▶ **SUPPLIED MATERIAL**
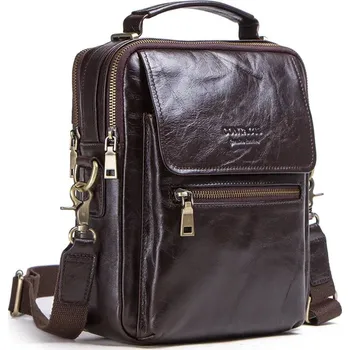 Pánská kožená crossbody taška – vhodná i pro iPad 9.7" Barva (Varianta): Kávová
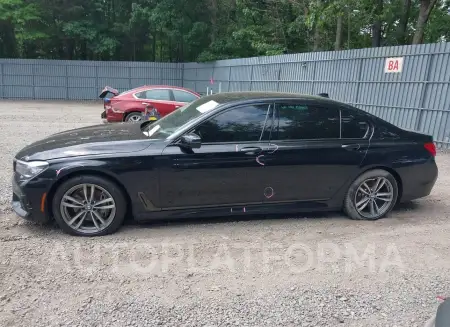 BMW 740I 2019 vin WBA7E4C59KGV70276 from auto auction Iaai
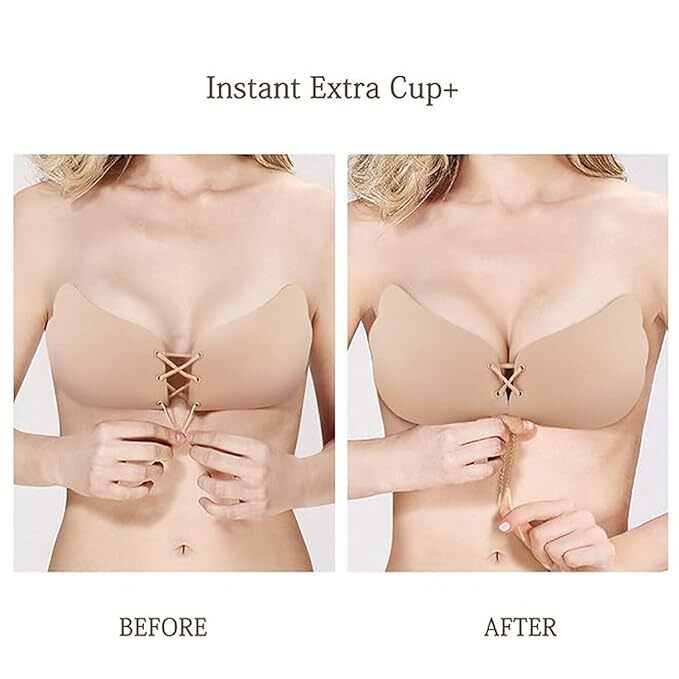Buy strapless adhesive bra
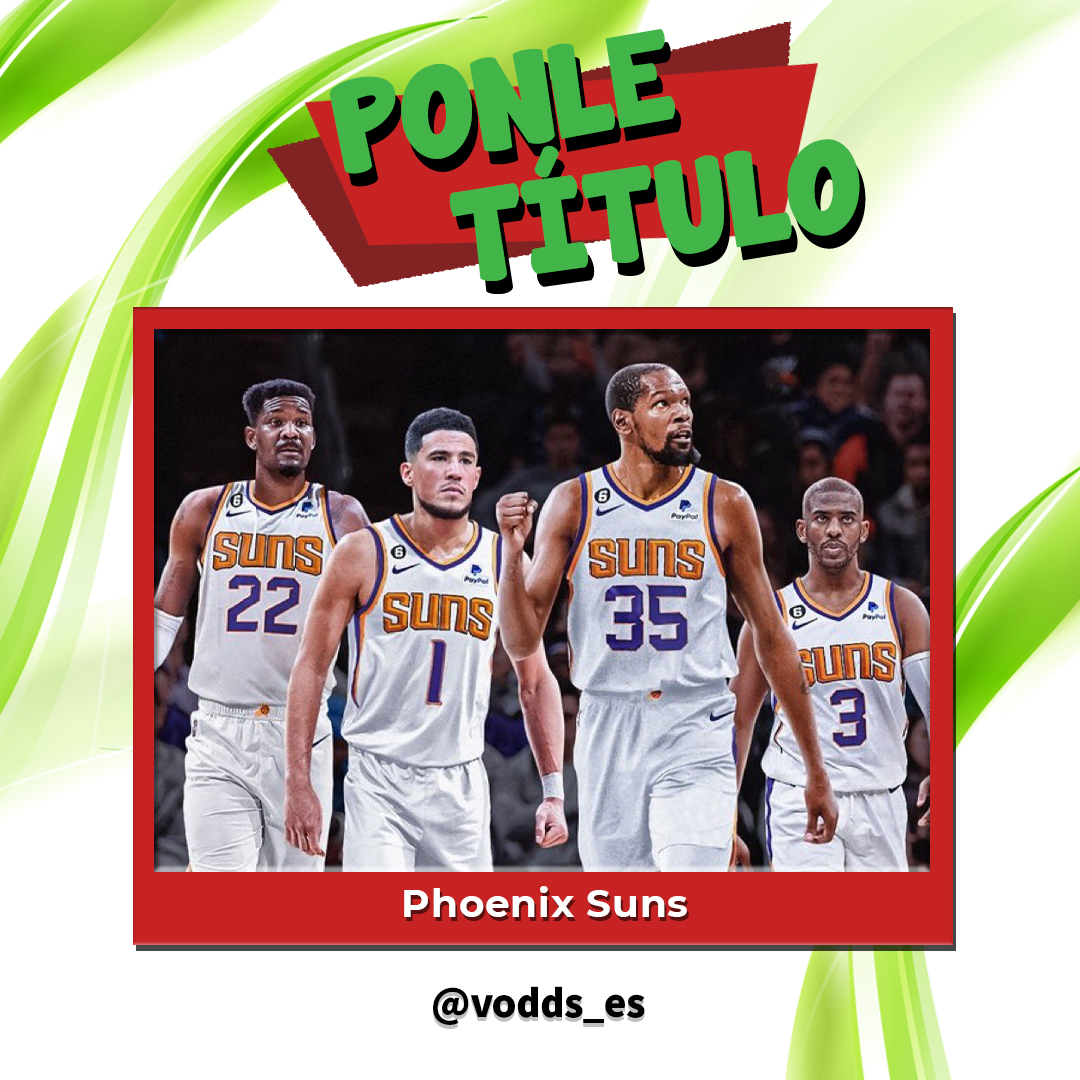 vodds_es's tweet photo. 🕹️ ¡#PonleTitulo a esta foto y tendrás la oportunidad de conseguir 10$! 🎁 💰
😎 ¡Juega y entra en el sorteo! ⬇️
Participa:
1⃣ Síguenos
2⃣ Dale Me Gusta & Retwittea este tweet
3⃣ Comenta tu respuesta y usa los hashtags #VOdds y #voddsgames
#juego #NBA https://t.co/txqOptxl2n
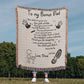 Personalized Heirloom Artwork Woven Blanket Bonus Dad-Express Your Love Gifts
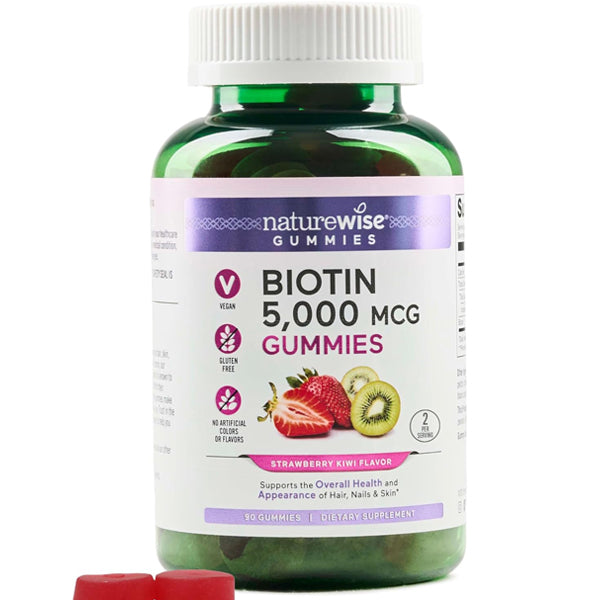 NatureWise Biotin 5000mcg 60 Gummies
* * *
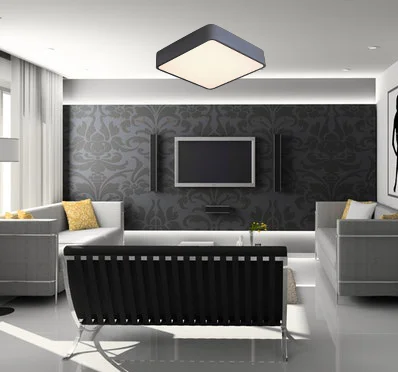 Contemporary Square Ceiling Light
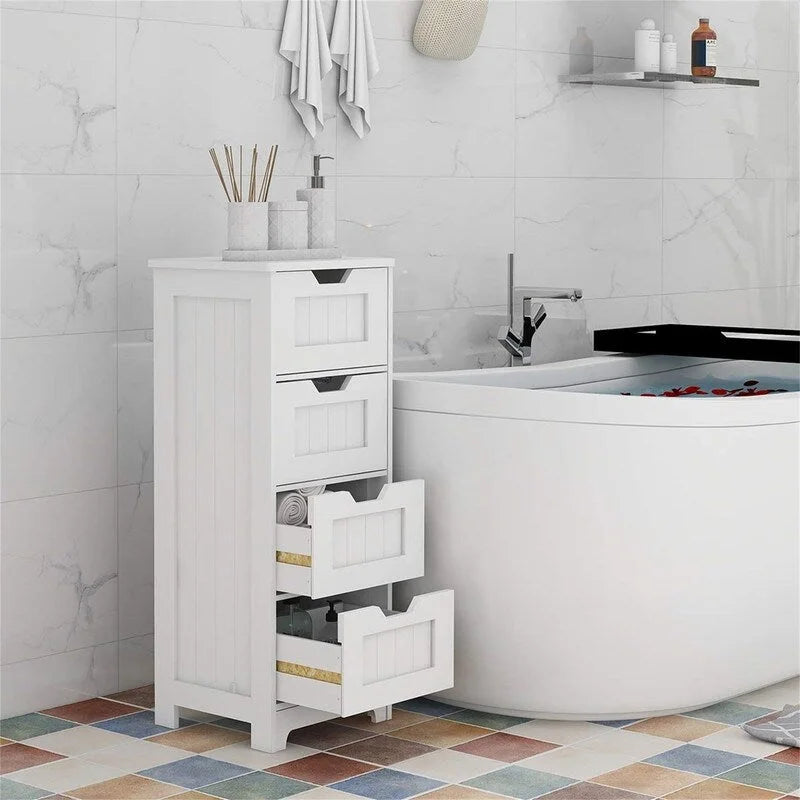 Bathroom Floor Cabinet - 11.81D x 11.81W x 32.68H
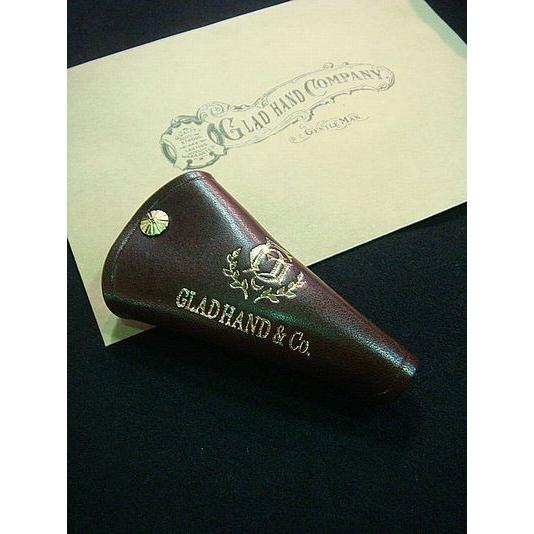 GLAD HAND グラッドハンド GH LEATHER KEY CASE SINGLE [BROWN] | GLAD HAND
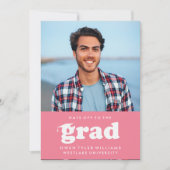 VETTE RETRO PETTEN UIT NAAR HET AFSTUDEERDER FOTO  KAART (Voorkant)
---
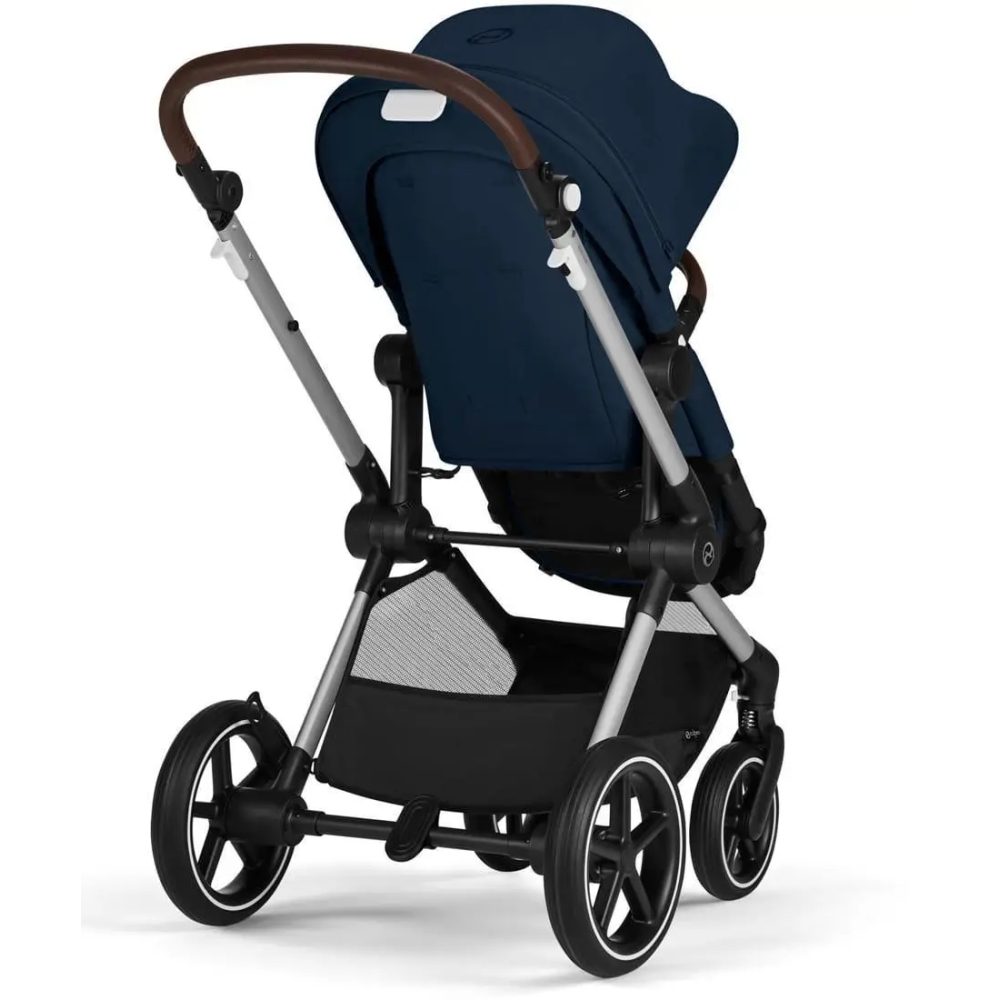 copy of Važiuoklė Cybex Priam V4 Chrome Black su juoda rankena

▶ **WHAT IS REQUIRED**
From the records above, extract the lines from the one holding "Pánská kožená crossbody" through the one holding "vodds_es's tweet photo.", word for word; omit the pictures.

▶ **ANSWER TO THIS EXERCISE**
 Pánská kožená crossbody taška – vhodná i pro iPad 9.7" Barva (Varianta): Kávová
 BMW 740I 2019 vin WBA7E4C59KGV70276 from auto auction Iaai
Buy strapless adhesive bra
 vodds_es's tweet photo. 🕹️ ¡#PonleTitulo a esta foto y tendrás la oportunidad de conseguir 10$! 🎁 💰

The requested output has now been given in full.